James Pattinson has to be the worst pace bowler chosen. I try to think how we can justify having a player who isn’t good enough to play for his state (except when the better players are off playing for Australia) to be in the Australian test team. Oh yes, I got it, his brother Darren Pattinson played one Test for England. Thus it’ll create all of that excitement that two brothers played for different test countries. And that is about it. He is not quality. But, of course, as some may remind me, McGrath wasn’t quality when he made his Test debut either. You never know and perhaps Pattinson is going to be that one in a million player for whom this kind of bizarre experiment works. But right now it just doesn’t seem likely.


Nathan Lyon had a fairly good end to the season last year. Probably fair enough to give him a shot. But um, how many spinners is that in the three years since Shane Warne retired? Why aren’t Jason Krezja, Nathan Hauritz or Xavier Doherty on this trip? Or even Steve Smith? Surely Steve O’Keefe was next in line. But no it is Nathan Lyon. Apparently in spinning circles it is enough to have had three or four good games in a row in order to play a Test match for Australia. Heck, it might work and there is more chance of this working than some of the other bizarre choices but you just have to wonder why they keep going for more. Are they going to keep going until one of them gets 5 wickets on their debut?


Michael Beer was the choice approved by Shane Warne. Well, that’s it really. Except that Steve Smith was approved by Warne too. Beer had a horrible debut (though Warne tried his best to talk it up) and is still a very ordinary cricketer. Oh, he did do well against Zimbabwe A. But so did everyone! Oh well at least his last name gives a few jokes.


This team just defies belief.
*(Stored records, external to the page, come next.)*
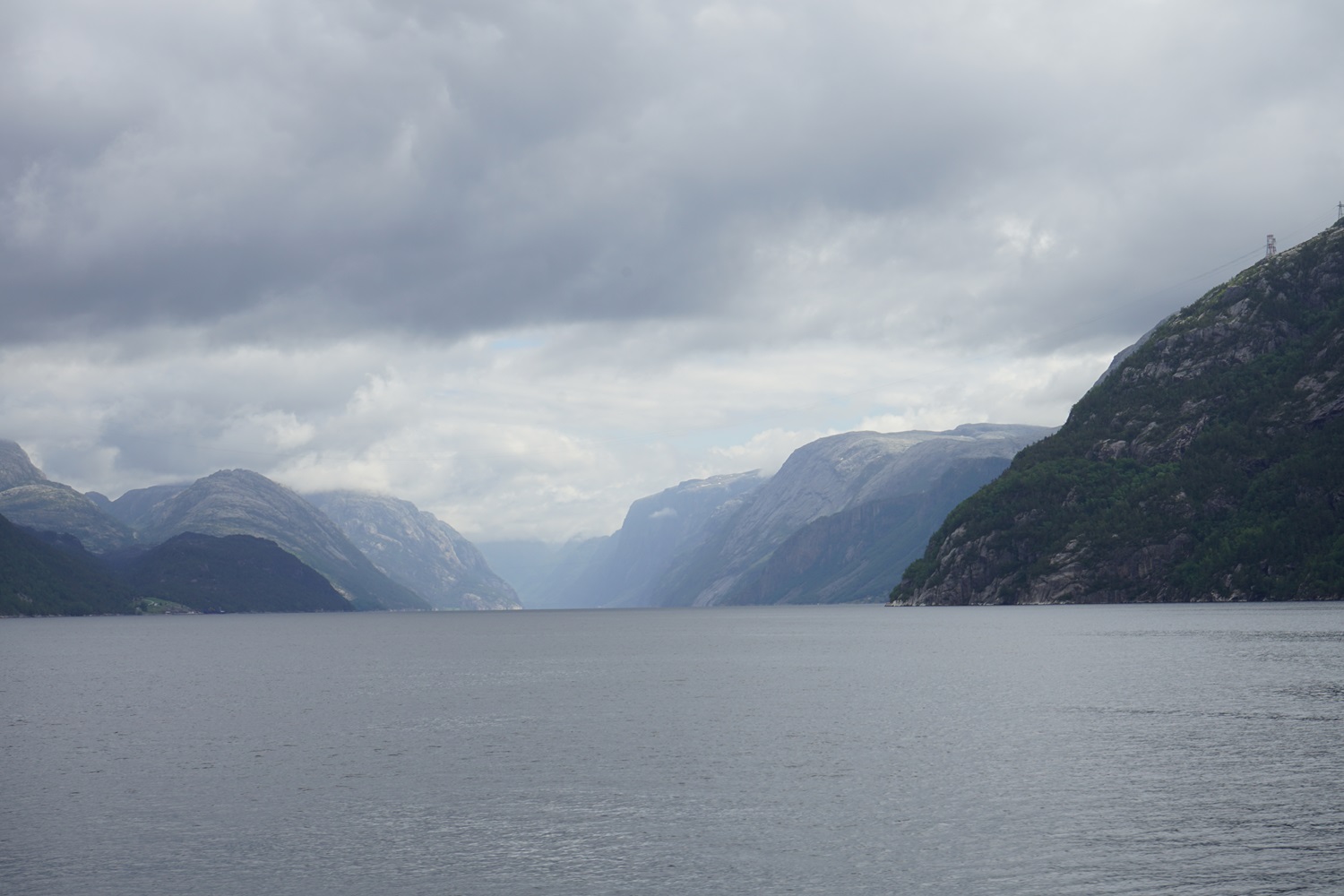 Blick in einem Fjord, der sich in der Mitte des Bildes immer weiter verjüngt umgeben von Bergen. Im Hintergrund graue Wolken.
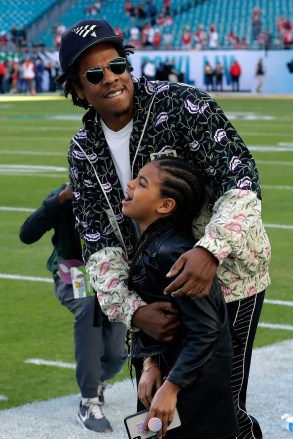 Entertainer Jay-Z hugs his daughter Blue Ivy Carter as they arrive at the NFL Super Bowl 54 football game between the San Francisco 49ers and the Kansas City Chiefs, at Miami 49ers Chiefs Super Bowl Football, Miami Gardens, USA - 02 February 2020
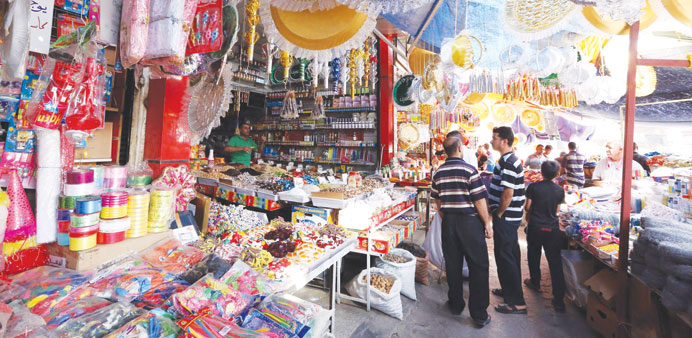 Men gather at a market in Baghdad on Sunday.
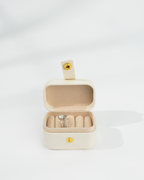 Beige jewelry box with a d-color moissanite ring inside 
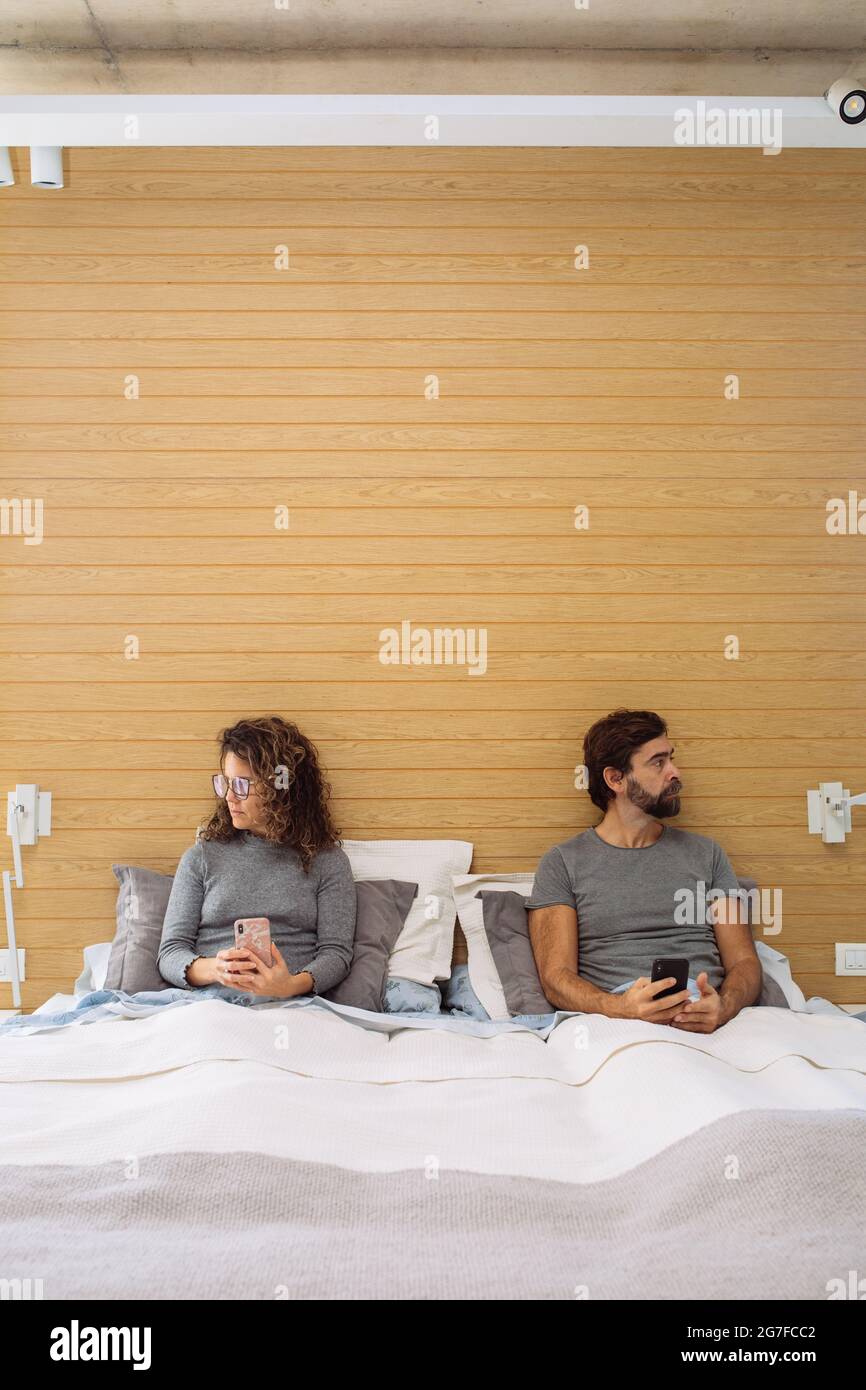 Middle age couple in a double bed king size with mobile phone in their hand looking at opposite directions. Concept: disconnection Stock Photo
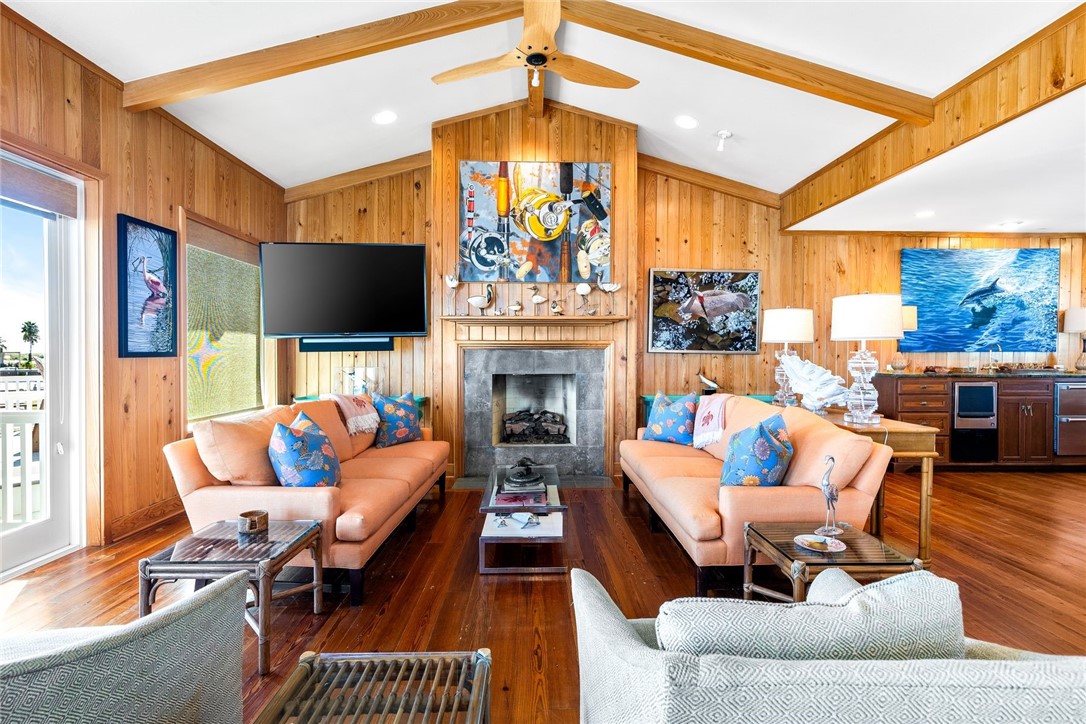 1024 Private Road East Port Aransas, TX 78373 - Photo 8 of 40 a living room with fireplace furniture and a flat screen tv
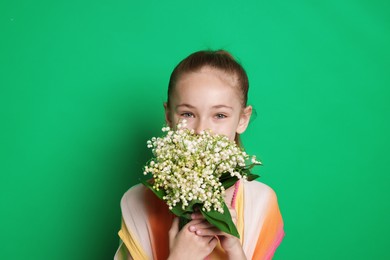 Photo of Girl with bouquet of beautiful lily-of-the-valley flowers on green background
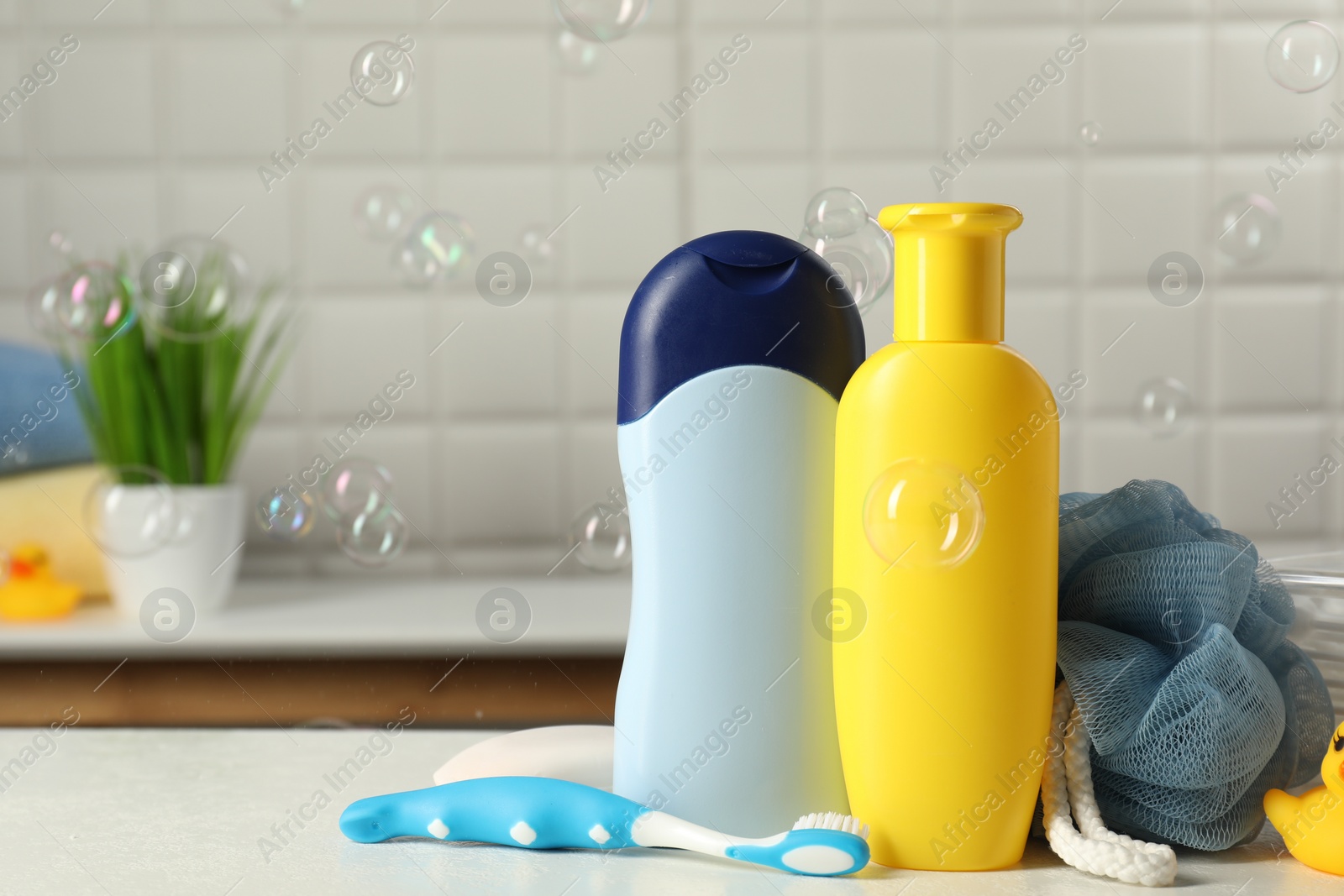 Photo of Baby cosmetic products, bath duck, toothbrush and sponge on white table against soap bubbles. Space for text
No Katich, no Smith, no Doherty (who did so well against Sri Lanka), no Hauritz, no Dan Christian, no McKay, no Hastings and, worst of all, no Bollinger. It is apparently a team for the future. And what we can imply from that is that this team is expected to lose.


But why does Australian cricket need to do that? Do we need to deliberately lose series just to give youth a chance? And does it really help their development to be put in teams that have no chance of victory?


(Adrian Meredith, an Australian from Melbourne, has been very passionate about cricket since he was seven years old. Because of physical challenges he could not pursue playing the game he so dearly loved. He loves all kinds of cricket – from Tests, ODIs, T20 – at all levels and in all countries and writes extensively on the game)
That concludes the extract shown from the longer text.